Prove $\sum_{i=0}^{n}i = n(n+1)/2$ for all $n\in\N$
- ① Let $P(n)$ be $\sum_{i=0}^{n}i = 0 + 1 + \ldots + n = n(n+1)/2$.
- We will show that $P(n)$ is true for every integer $n\geq 0$ by induction.
- ② Base case ($n = 0$):
- $\sum_{i=0}^{n}i = 0 = 0(0+1)/2$ so $P(0)$ is true.
- ③ Inductive hypothesis:
- Suppose that $P(k)$ is true for an arbitrary integer $k\geq 0$.
- ④ Inductive step:
- We want to prove that $P(k+1)$ is true, i.e., $\sum_{i=0}^{k+1}i = (k+1)(k+2)/2$. Note that $\sum_{i=0}^{k+1}i = ($$\sum_{i=0}^{k}i$$) + (k + 1) = ($$k(k+1)/2$$) + (k+1)$ by the inductive hypothesis.

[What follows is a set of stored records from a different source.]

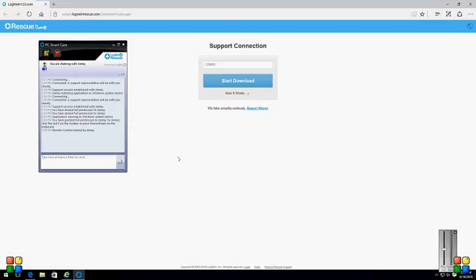Support session established with Jimmy. Click okay. Remote control started by Jimmy. Are you Jimmy? No sir, the technician who is going to help you, his name is Jimmy. I will transfer this call - please be on the line, thank you.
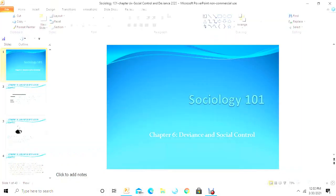This is Jerry Logan, sociology professor, talking about exam number two. For this exam we're going to have a review of chapter six on deviance and social control, then chapters on social class and social stratification in the United States, and then global stratification and global inequality.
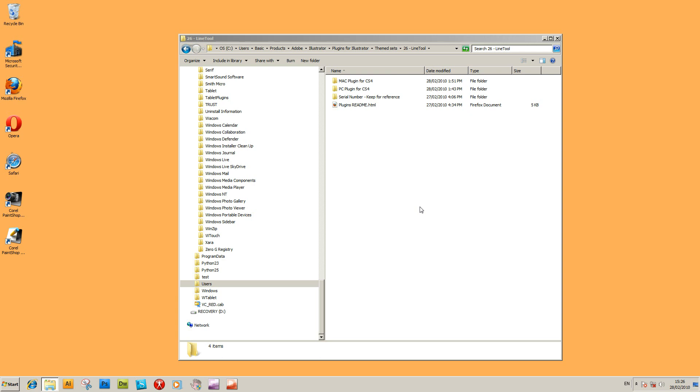This is a tutorial for the installation and basic use of the plug-in line tool. It's an Andrew Vectors plug-in of volume 26 on Graphic Extras. It's for Illustrator CS4 only, for PC and Mac.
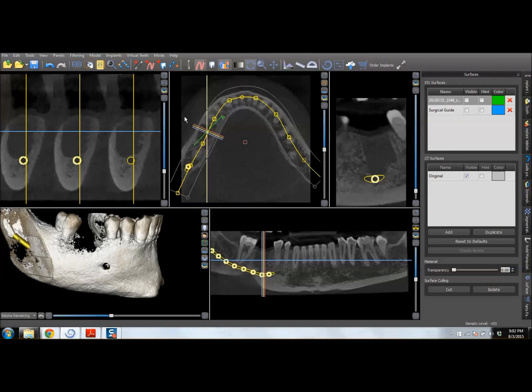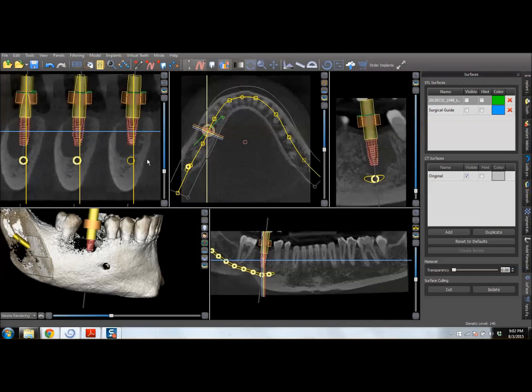The way this process works: you would open up the CT scan, you would map the patient's nerve if you're placing in the lower, and then you would plan your implant position. I've already done that in this case.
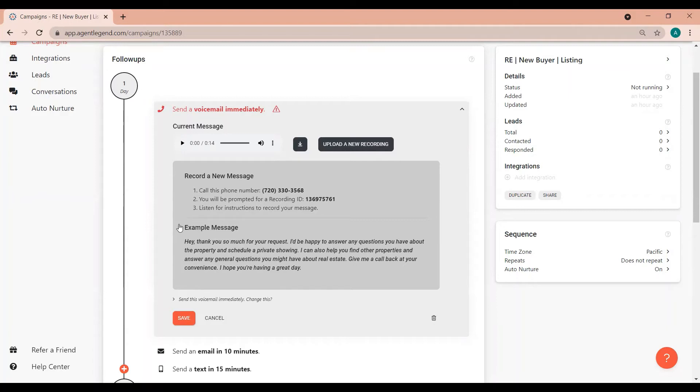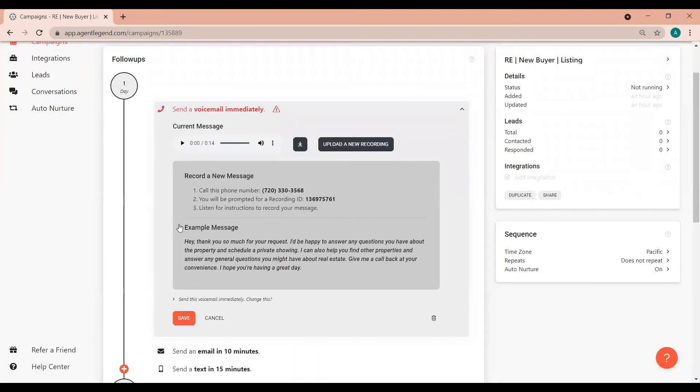Please feel free to use this script however we don't recommend reading right off the screen. Try to get an idea for what you'd like to say and be sure to say your name in the beginning. You won't need to leave a callback number as we'll ensure this is available for your leads.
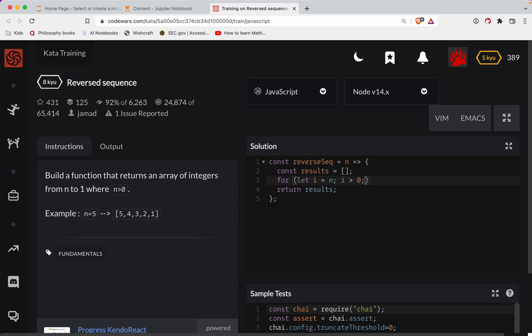And we'll do i minus minus. This is how you decrement your counters in JavaScript. So we'll say results push. I think we're just pushing i here.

From this, we have that $(k(k+1)/2) + (k+1) =$ $(k+1)(k/2 + 1) =$ $(k+1)(k+2)/2$, which is exactly $P(k+1)$.
- ⑤ The result follows for all $n\geq 0$ by induction.
What number divides $2^{2n}-1$ for every $n\in\N$?
- Let’s look at a few examples:
- $2^{2*0} - 1 = 1 - 1 = 0 = 3 * 0$
- $2^{2*1} - 1 = 4 - 1 = 3 = 3 * 1$
- $2^{2*2} - 1 = 16 - 1 = 15 = 3 * 5$
- $2^{2*3} - 1 = 64 - 1 = 63 = 3 * 21$
- $2^{2*4} - 1 = 256 - 1 = 255 = 3 * 85$
- It looks like $3 \vert (2^{2n}-1)$.
- Let’s use induction to prove it!
Prove $3 \vert (2^{2n}-1)$ for all $n\in\N$
- ① Let $P(n)$ be $3 \vert (2^{2n}-1)$.
- We will show that $P(n)$ is true for every integer $n\geq 0$ by induction.
- ② Base case ($n = 0$):
- $2^{2 * 0} - 1 = 1 - 1 = 0 = 3*0$ so $P(0)$ is true.
- ③ Inductive hypothesis:
- Suppose that $P(k)$ is true for an arbitrary integer $k\geq 0$.
- ④ Inductive step:
- We want to prove that $P(k+1)$ is true, i.e., $3 \vert (2^{2(k+1)}-1)$. By inductive hypothesis, $3 \vert (2^{2k}-1)$ so $2^{2k}-1 = 3j$ for some integer $j$. We therefore have that $2^{2(k+1)} - 1 $ $=$ $2^{2k+2} - 1$ $=$ $4($$2^{2k}$$) - 1$ $=$ $4($$3j+1$$) - 1$ $=$ $12j + 3 = 3(4j + 1)$. So $3 \vert (2^{2(k+1)}-1)$, which is exactly $P(k+1)$.
- ⑤ The result follows for all $n\geq 0$ by induction.
Summary
- Fast modular exponentiation efficiently computes $\mod{a^k}{m}$.
- Important practical applications include public-key cryptography (RSA).
- Induction lets us prove statements about all natural numbers.
- A proof by induction must show that $P(0)$ is true (base case).
- And it must use the inductive hypothesis $P(k)$ to show that $P(k+1)$ is true (inductive step).